The 154th Ohio Infantry Regiment, sometimes 154th Ohio Volunteer Infantry (or 154th OVI) was an infantry regiment in the Union Army during the American Civil War.

Service
The 154th Ohio Infantry was organized at Camp Dennison near Cincinnati, Ohio, and mustered in May 8, 1864, for 100 days service under the command of Colonel Robert Stevenson.

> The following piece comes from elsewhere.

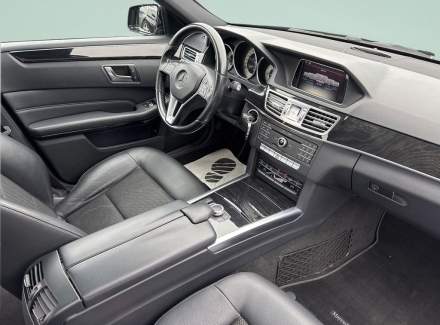 Mercedes-Benz - E-class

The regiment left Ohio for New Creek, West Virginia, May 12. It served guard and picket duty at New Creek until May 29. (Company F detached at Piedmont May 22 to August 22.) It moved to Greenland Gap May 29 and was involved in a skirmish near Moorefield June 4. (One company detached at Youghiogheny Bridge until July 25.) The regiment engaged in numerous scouting expeditions until July 25 when it moved to New Creek. After action at New Creek August 4, it moved to Camp Chase, Columbus, Ohio, August 10 to guard prisoners. It then moved to Camp Dennison August 22.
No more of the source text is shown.